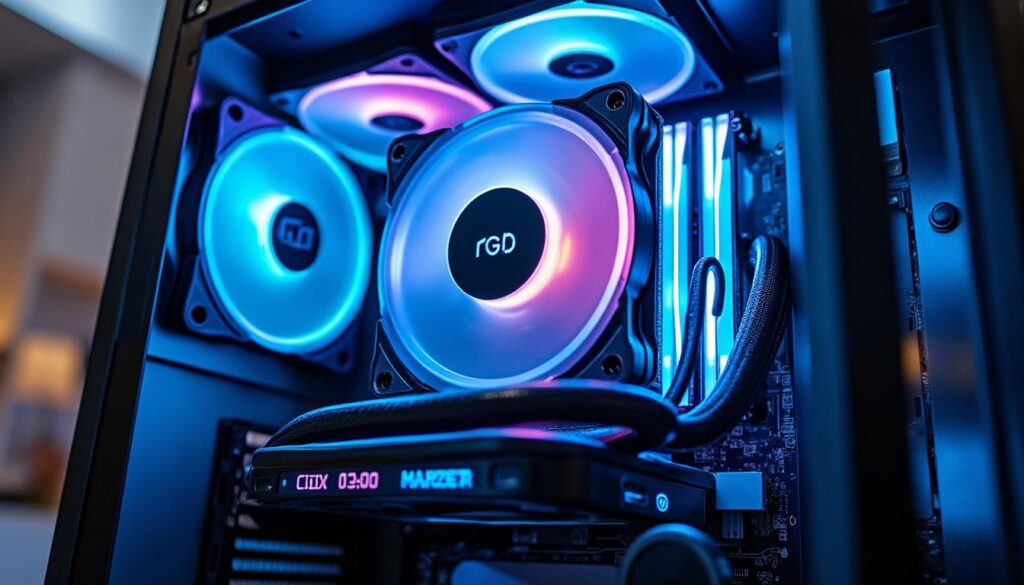 découvrez comment choisir le meilleur refroidissement par air pour votre pc afin d'assurer une performance optimale et une dissipation thermique efficace.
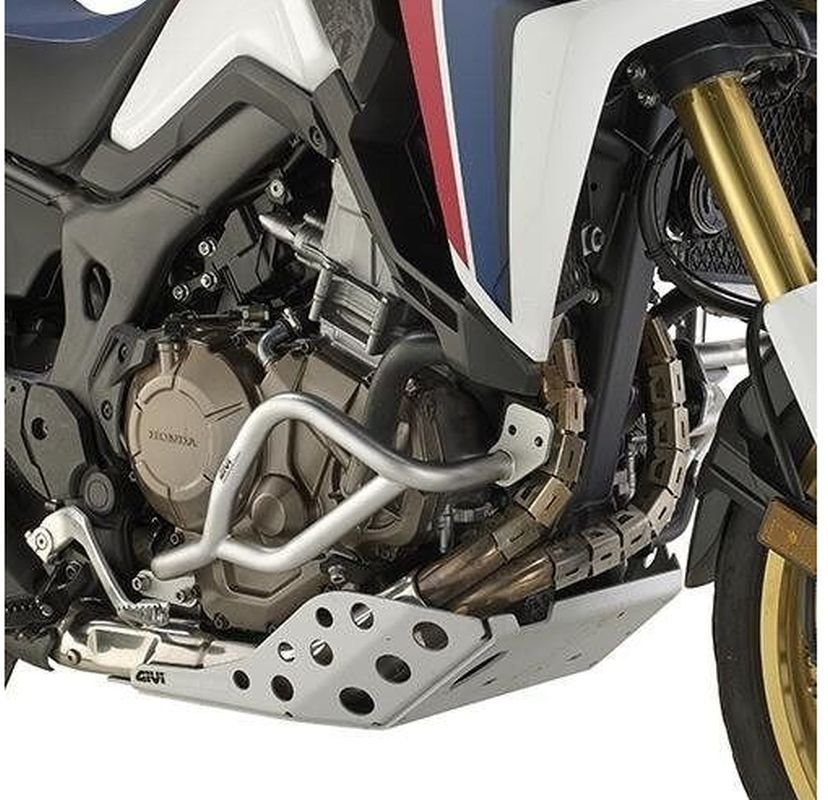 Gmole osłony silnika Kappa Honda CRF 1000L Africa Twin 2016-2019 stal nierdzewna | KN1144OX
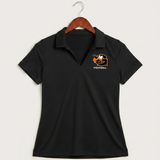Giltner High School Football - Black Polo - Left Chest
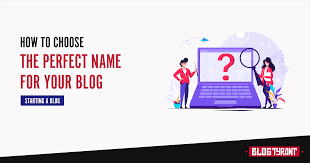 A super blog name can turn into a disaster when you join up separate words and inadvertently create the wrong words. How To Come Up With A Blog Name With 50 Examples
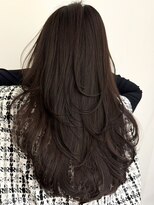 アミリー ひたち野うしく店(Amily)&nbsp;ハイライトバレイヤージュダブルカラーケアブリーチ20代30代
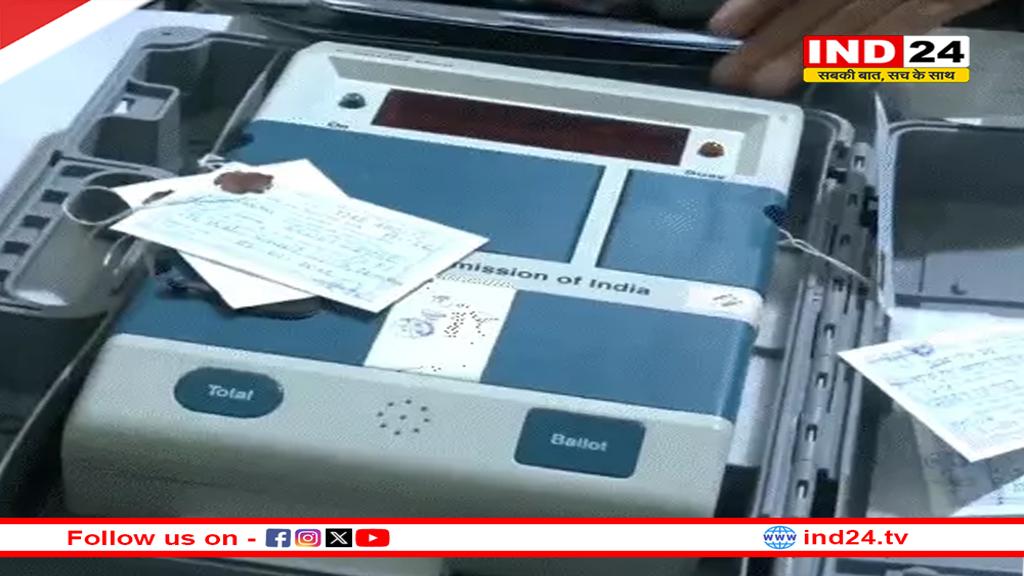 रुझानों में भाजपा को बहुमत, 44 सीटों पर आगे, केजरीवाल-आतिशी पीछे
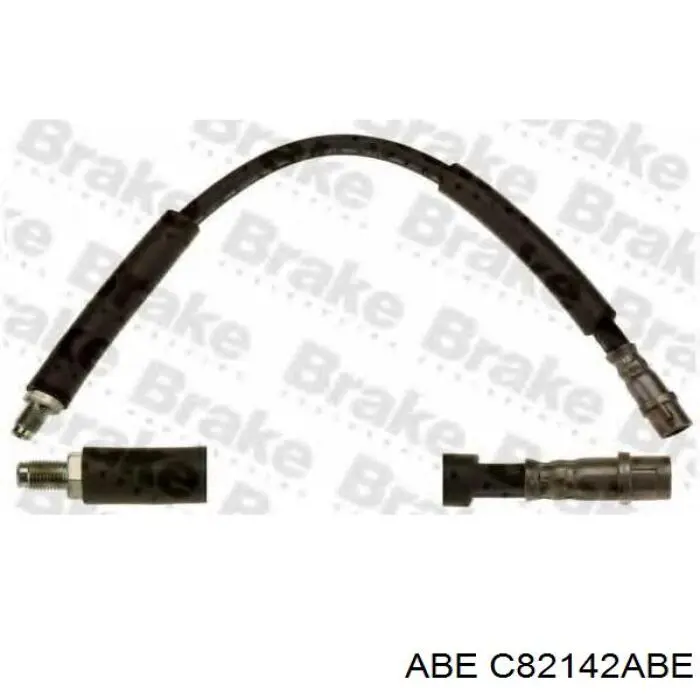 C82142ABE ABE Гибкая тормозная трубка передняя
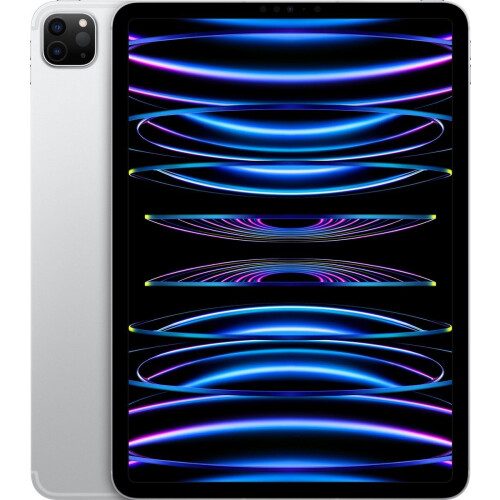 Apple iPad Pro (2022) - 11 inch - WiFi + 5G - 128GB - Zilver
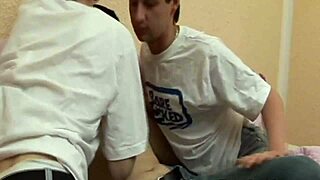 Extreme Bareback Threesome Gay Sex Action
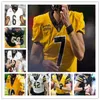 Custom 2021 College Appalachian State Mountaineers Jersey Chase Brice Nate Noel Corey Xavier Sutton D'ARCO Jackson T.D. telhado Jacob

======

* [Problem requirements]:
Repeat exactly the lines above, beginning at the one containing "Gmole osłony silnika" and ending at the one containing "रुझानों में भाजपा". Do not carry over any pictures.

* [Solution to this task]:
 Gmole osłony silnika Kappa Honda CRF 1000L Africa Twin 2016-2019 stal nierdzewna | KN1144OX
Giltner High School Football - Black Polo - Left Chest
 A super blog name can turn into a disaster when you join up separate words and inadvertently create the wrong words. How To Come Up With A Blog Name With 50 Examples
 アミリー ひたち野うしく店(Amily)&nbsp;ハイライトバレイヤージュダブルカラーケアブリーチ20代30代
 रुझानों में भाजपा को बहुमत, 44 सीटों पर आगे, केजरीवाल-आतिशी पीछे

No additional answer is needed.